The pandas library in python, this library us used for data manipulation. The is crucially important for this project as we are dealing with a large dataset and we will need to manipulate the data to meet our needs.

import langdetect as detect

We will be using only English words to train the model. So, the langdetect library can allow us to check if an SMS text is English or not. This library is a direct port of Google's language-detection library from Java to Python.

import numpy as np

NumPy is a Python library used for working with arrays. We will need it to convert lists and datasets to Numpy arrays to simplify the process of training the model.

import nltk

The Natural Language Toolkit, or more commonly NLTK, is a suite of libraries and programs for symbolic and statistical natural language processing for English written in the Python programming language.

from nltk import word\_tokenize

Tokenizers divide strings into lists of substrings

from nltk.stem import WordNetLemmatizer

Wordnet is an large, freely and publicly available lexical database for the English language aiming to establish structured semantic relationships between words. It offers lemmatization capabilities as well and is one of the earliest and most commonly used lemmatizers.

nltk.download('stopwords')

A stop word is a commonly used word (such as "the", "a", "an", "in") that the model won't use and would cause extra computation.

import sklearn

scikit-learn is a free software machine learning library for the Python programming language. It features various classification, regression and clustering algorithms including support-vector machines, random forests, gradient boosting, k-means and DBSCAN, and is designed to interoperate with the Python numerical and scientific libraries NumPy and SciPy. Scikit-learn is a NumFOCUS fiscally sponsored project.

from sklearn.feature\_extraction.text import CountVectorizer

Convert a collection of text documents to a matrix of token counts. This implementation produces a sparse representation of the counts using scipy.sparse.csr_matrix.

from sklearn.model\_selection import train\_test\_split

The train_test_split() method is used to split our data into train and test sets.

from sklearn.naive\_bayes import MultinomialNB

The multinomial Naive Bayes classifier is suitable for classification with discrete features (e.g., word counts for text classification). The multinomial distribution normally requires integer feature counts.

from sklearn.metrics import accuracy\_score

To check the accuracy of the model.

import pickle

Allows us to save the trained model into a pickle file that can be used anywhere with python.

The rest of the imports are for the sake of importing/extracting the necessary files from Google Collab or for dependencies for the libraries used.

Preprocessing

This chapter describes the process to preprocess the data before training it so that the model can understand it.

  1. Read in spam data from CSV file. We use pandas library to read the CSV file, specifiying ',' as a separator, no header, skip bad rows, and specify the encoding of the imported text to ensure a successful import.

  2. Drop any "Unnamed" columns. Using pandas, we will drop any column that is unnamed since we won't be needing those columns in our model and they will cause issues. The df.drop function will drop the columns and the inplace=True parameter will ensure that the drop is directly implemented on the dataframe.
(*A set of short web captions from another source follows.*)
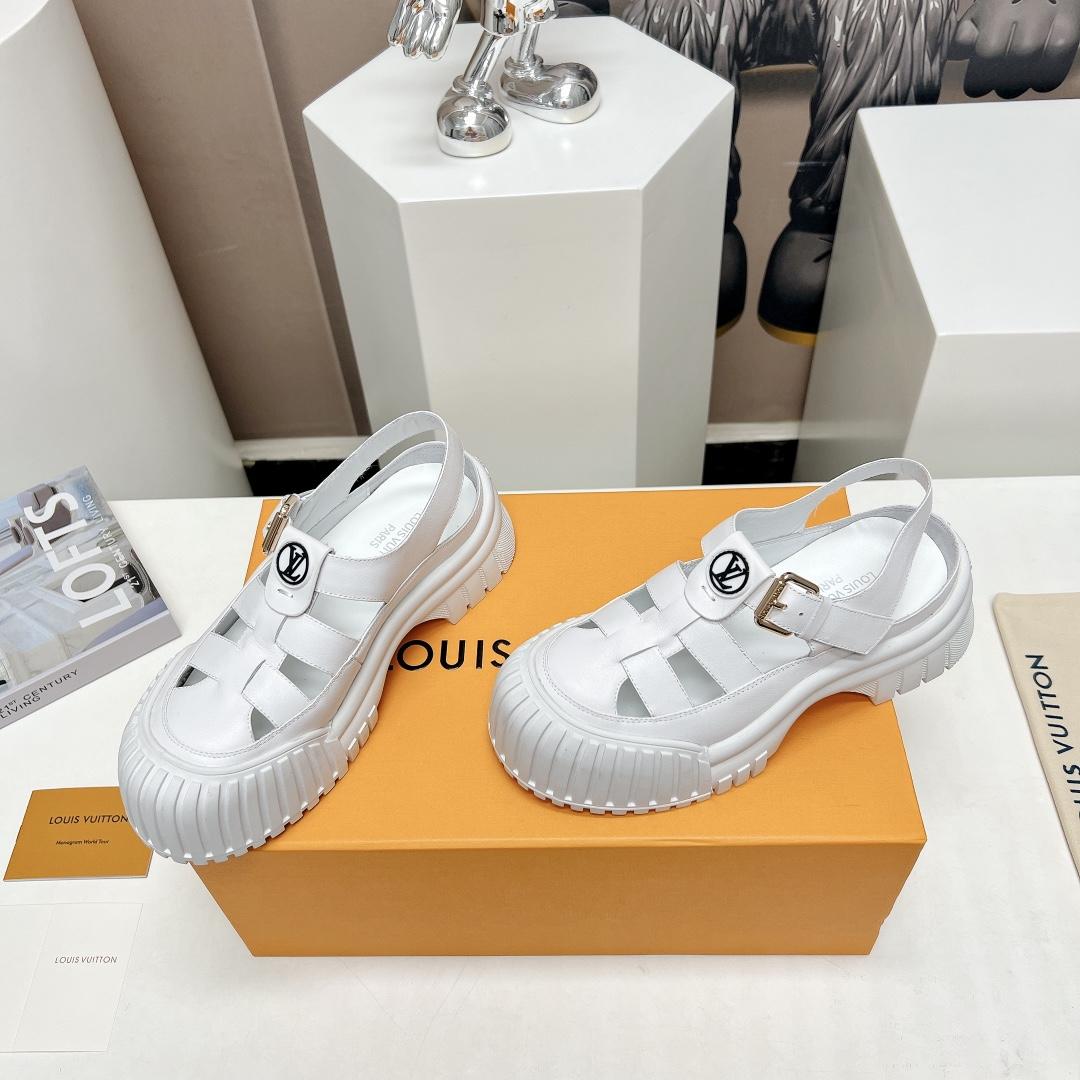 Louis Vuitton Archlight Flat Sandals - 
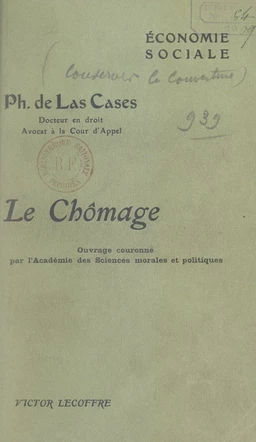 Le chômage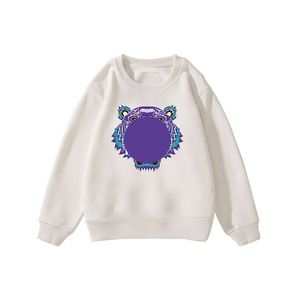 K Designers Kid Roupas Designer Crianças Moletons Marca Manga Longa Dos Desenhos Animados Suéter Outono Inverno Meninos Meninas Luxo 100% Algodão Hoodie CXD2311212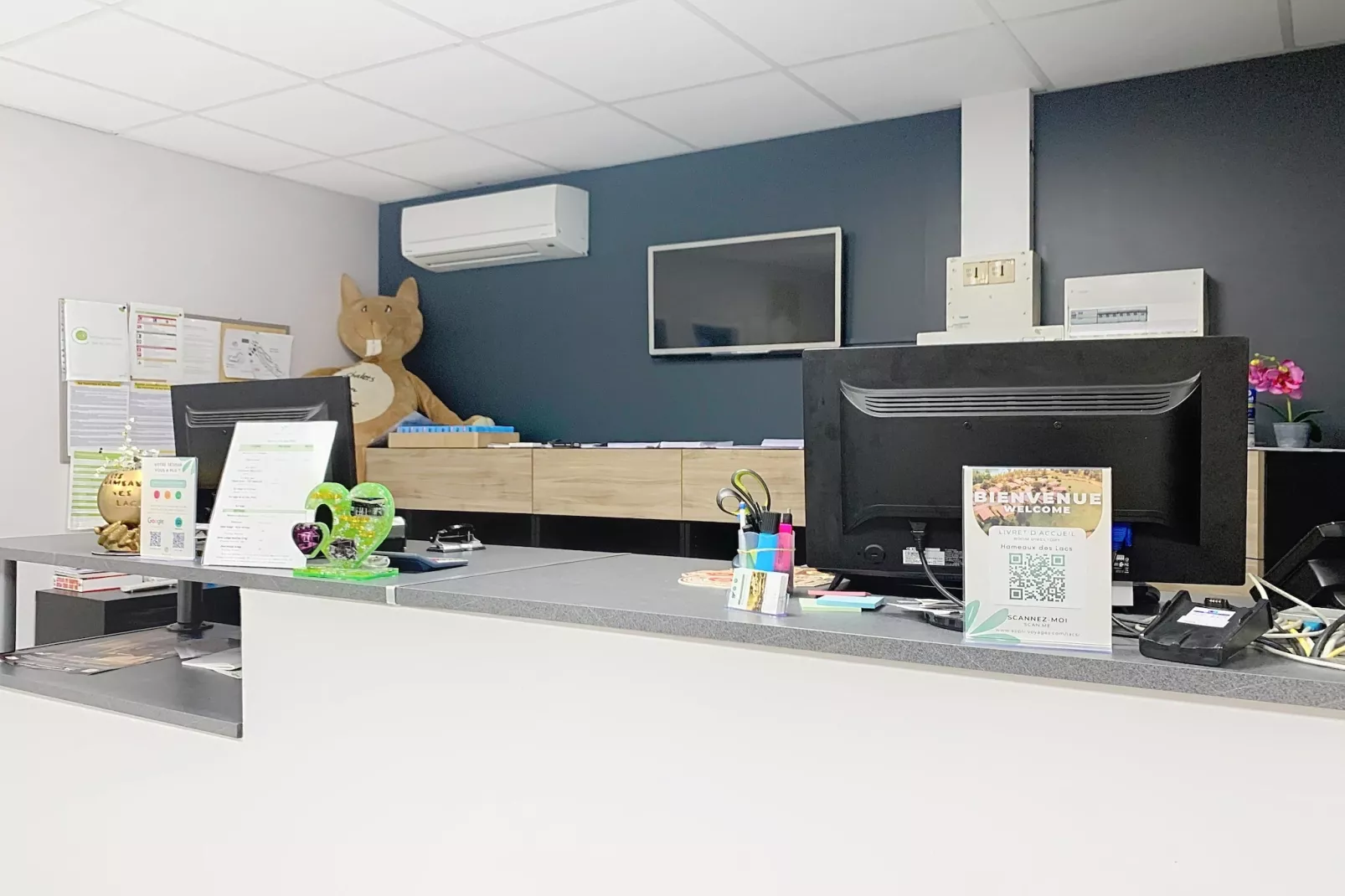 Hameaux des Lacs Two-Bedroom Cottage for 4 people - Hal-ontvangst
  3. Define regular expression variables to remove from SMS messages. Using regular expressions or regex, we can specify the set of characters that can cause issues while training the model . So , using df.replace will passing the necessary parameters such as ' ' and regex=True, then dropping duplicates and any Nan words, this will ensure that the data is ready for the next step.

  4. Remove rows with non-ASCII characters from the dataframe. To ensure that the words are readable by the model.

  5. Drop non-English rows from the dataframe. Dropping rows with none English words since we are training the model only for the English language.

  6. Convert all the text data into lowercase.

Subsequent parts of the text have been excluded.